Erica Jong’un “Uçuş Korkusu”nu 77 kışında okudum. Aydın Emeç’in e-yayınları basmıştı.
Simone de Beauvoir’ın ‘Feminizm Üzerine’ ünlü konuşmasından (1967) , kitaplarından haberi olmayanlar için henüz yeni bir kelimeydi, ‘Feminizm’.
Bir güncel kavram olarak giderek bir ‘ideoloji’ye dönüşmeden önce, Jong’un romanlarıyla, onun kadın cinselliğiyle ilgili yazma korkusuzluğuyla bizde de popülerleşmeye başladı.

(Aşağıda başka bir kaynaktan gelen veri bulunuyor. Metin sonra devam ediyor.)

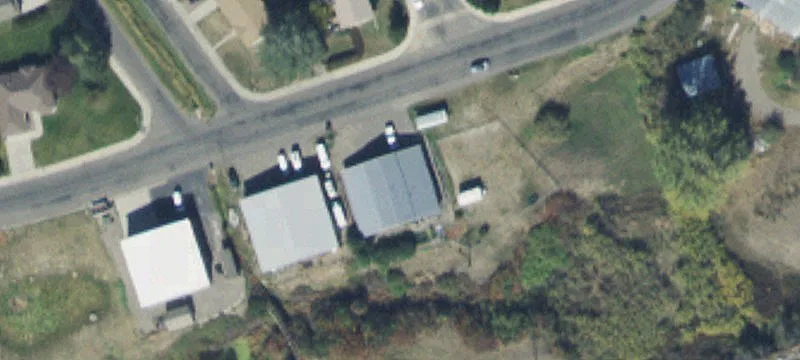 Live-Work Property with Heated Shop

Henüz Kadınca Dergisi ve Duygu Asena’nın kitapları ve kadın hakları hareketi ortada yoktu.
Kitap evde, bakamıyorum, ama mealen ondan şöyle bir bölüm kalmış belleğimde:
Hayatı içinde ne olduğunu bilmediğimiz bir keke benzetiyordu romandaki kadın. “Bazan ağzınıza hoş bir kuru meyve gelebilir, bazan sert bir kabuk veya acı bir şey; siz iştahla yemeğe devam edeceksiniz.”
Kızının ünlü yazar annesi hakkında yazdığı yeni kitap üzerine geçen hafta Alexandra Alter tarafından The New York Times’ta yayımlanan, makalenin özeti şöyleydi:
“Molly Jong-Fast’ın, annesinin demansa sürüklenen çöküşünü ve birlikte geçirdikleri hayatı acımasız bir açıklıkla anlattığı bu kitap, sadece rollerin tersine dönmesinden ibaret.”

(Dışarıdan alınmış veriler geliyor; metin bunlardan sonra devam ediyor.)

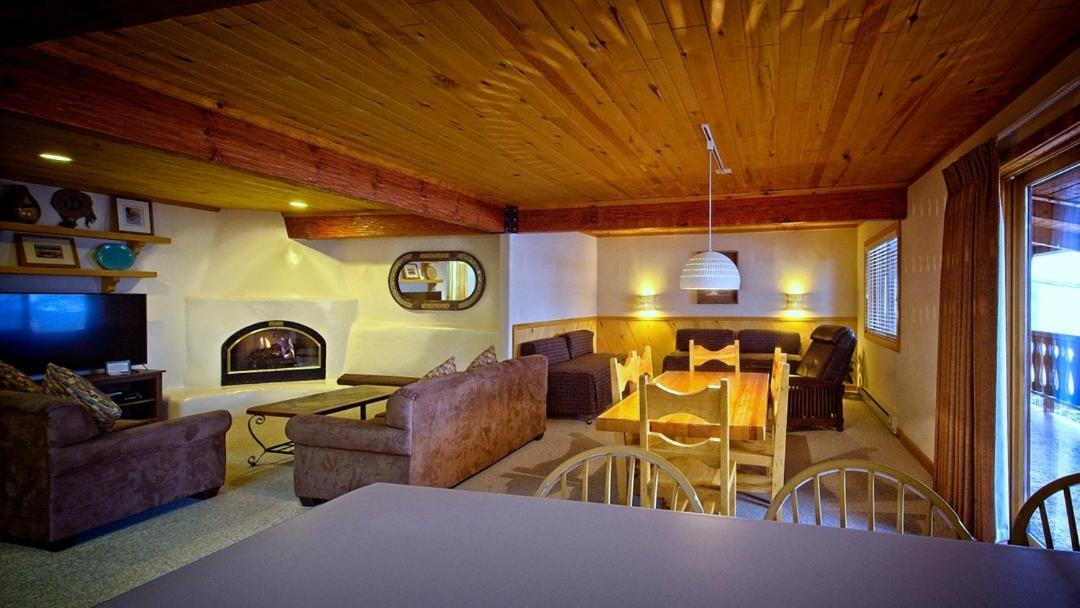 Sitzmark Sports Lodge Red River Bagian luar foto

Molly Jong‑Fast, annesi, 1973’te yayımlanan Fear of Flying (Uçuş Korkusu) ile tanınmış feminist yazar Erica Jong’un o acımasız hastalıkla mücadelesini ve adım adım çöküşünü ele alıyordu.
Alter’e göre, “O, annesiyle ilişkisini ‘hesaplaşma maratonu’ olarak tanımlasa da, aynı zamanda bir ağıt gibi içten ve sevgi doluydu” yazdıkları.
“How to Lose Your Mother”da, annesi ile karmaşık ilişkisini dürüst ama sivri bir dille anlatıyordu.
Aktarmaya çalıştığı, annesinin gölgesinde büyümenin, bir yazar ve birey olarak kendi kimliğini bulmaya çalışmanın zorluklarıydı.
Erica Jong’un 1973’te yayımlanan cesur romanı Fear of Flying, feminist hareketin simgelerinden biri olmuştu ama Molly’nin hayatında da büyük bir etki bırakmıştı.
Kızının yazdığı anılar, hem annesinin kamuya açık kişiliğiyle hem de özel yaşantılarıyla yüzleşme niteliğindeydi.
Molly Jong-Fast’ın kitabı duygusal olduğu kadar dürüst, acımasız ama sevgi doluydu.
Annesin yıldızlığı kadar savunmasızlıklarını da gözler önüne sererken, aynı zamanda bir vedanın incelikli ve yürek burkan bir ifadesine dönüşüyordu.
Kitabın en sarsıcı satırlarından biri şöyleydi:
“ ‘Kötü bir kızım’, diyor bize defalarca, ama aslında elinden gelenin en iyisini yaptığı oldukça açık.”
Bu cümle, Molly’nin annesine karşı hissettiği ambivalans’ı(çelişkili duygular bütününü) açıkça ortaya koyuyordu.
Demansla mücadele eden bir anneye bakmak, geçmişte çözülmemiş tüm yaraları da gün yüzüne çıkarıyor, suçluluk, yorgunluk ve sevgi aynı tabakta servis ediliyordu.”
Molly Jong-Fast’ın bu kitabı, özellikle yaşlanan ebeveynlerle uğraşan, annesiyle yarım kalmış bir diyaloğu olan herkes için çarpıcı olabilir.
“Anlatının içtenliği, okuru kendi aile geçmişiyle yüzleşmeye çağırıyor” deniyor.
Bazan en zor vedalar, en derin kabulleri doğurur.
Ve bazen bir annenin kaybı, ilk defa gerçekten “kim olduğumuzu” duyumsamıza neden olur.
Molly bu boşlukla, bir yandan annesine bakıcılık yaparken, diğer yandan geçmişin enkazını kaldırarak baş etmeye çalışıyor.
Kitabı henüz görmedim.
Ama hissettiğim şu:
How to Lose Your Mother, Molly Jong-Fast’ın annesiyle ilişkisini anlatırken, okuru da kendi ebeveynlik hikâyesine, yaralarına ve suskunluklarına bakmaya çağırıyor.
Kırık bağların, bitmemiş konuşmaların ve her şeye rağmen duyulan sevginin hikayesi.